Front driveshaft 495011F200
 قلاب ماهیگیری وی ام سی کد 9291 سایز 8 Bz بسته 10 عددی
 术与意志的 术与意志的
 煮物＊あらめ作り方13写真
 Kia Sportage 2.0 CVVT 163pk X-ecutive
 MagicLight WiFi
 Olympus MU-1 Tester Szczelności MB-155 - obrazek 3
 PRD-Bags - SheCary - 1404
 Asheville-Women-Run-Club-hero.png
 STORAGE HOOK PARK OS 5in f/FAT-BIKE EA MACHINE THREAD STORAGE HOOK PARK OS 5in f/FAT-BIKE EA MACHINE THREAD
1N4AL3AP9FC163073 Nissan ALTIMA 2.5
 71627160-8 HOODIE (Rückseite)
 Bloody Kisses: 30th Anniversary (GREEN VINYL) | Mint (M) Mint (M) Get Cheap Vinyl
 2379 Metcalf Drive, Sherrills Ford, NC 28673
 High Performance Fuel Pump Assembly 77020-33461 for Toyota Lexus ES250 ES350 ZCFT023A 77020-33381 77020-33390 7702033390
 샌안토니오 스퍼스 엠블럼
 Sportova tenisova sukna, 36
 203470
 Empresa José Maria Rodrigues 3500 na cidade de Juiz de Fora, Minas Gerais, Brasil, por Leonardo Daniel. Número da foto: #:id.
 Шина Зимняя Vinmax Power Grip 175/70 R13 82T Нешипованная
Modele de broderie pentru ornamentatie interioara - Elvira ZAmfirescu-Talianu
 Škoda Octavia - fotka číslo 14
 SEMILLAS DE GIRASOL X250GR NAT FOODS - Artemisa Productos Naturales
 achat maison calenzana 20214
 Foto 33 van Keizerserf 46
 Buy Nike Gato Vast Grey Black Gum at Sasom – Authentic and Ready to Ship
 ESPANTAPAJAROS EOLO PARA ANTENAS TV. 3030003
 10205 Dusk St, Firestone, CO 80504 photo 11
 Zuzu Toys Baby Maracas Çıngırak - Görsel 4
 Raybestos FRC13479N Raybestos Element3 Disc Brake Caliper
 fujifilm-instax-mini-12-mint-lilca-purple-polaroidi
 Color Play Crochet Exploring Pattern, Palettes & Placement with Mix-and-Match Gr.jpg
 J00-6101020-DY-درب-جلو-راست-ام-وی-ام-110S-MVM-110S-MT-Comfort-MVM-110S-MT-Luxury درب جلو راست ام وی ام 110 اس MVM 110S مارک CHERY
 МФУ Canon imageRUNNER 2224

• [Task goal] Would you output the lines from the one that contains "achat maison calenzana 20214" to the end of the data, both ends included, exactly as they appear?

• [Your solution]
 achat maison calenzana 20214
 Foto 33 van Keizerserf 46
 Buy Nike Gato Vast Grey Black Gum at Sasom – Authentic and Ready to Ship
 ESPANTAPAJAROS EOLO PARA ANTENAS TV. 3030003
 10205 Dusk St, Firestone, CO 80504 photo 11
 Zuzu Toys Baby Maracas Çıngırak - Görsel 4
 Raybestos FRC13479N Raybestos Element3 Disc Brake Caliper
 fujifilm-instax-mini-12-mint-lilca-purple-polaroidi
 Color Play Crochet Exploring Pattern, Palettes & Placement with Mix-and-Match Gr.jpg
 J00-6101020-DY-درب-جلو-راست-ام-وی-ام-110S-MVM-110S-MT-Comfort-MVM-110S-MT-Luxury درب جلو راست ام وی ام 110 اس MVM 110S مارک CHERY
 МФУ Canon imageRUNNER 2224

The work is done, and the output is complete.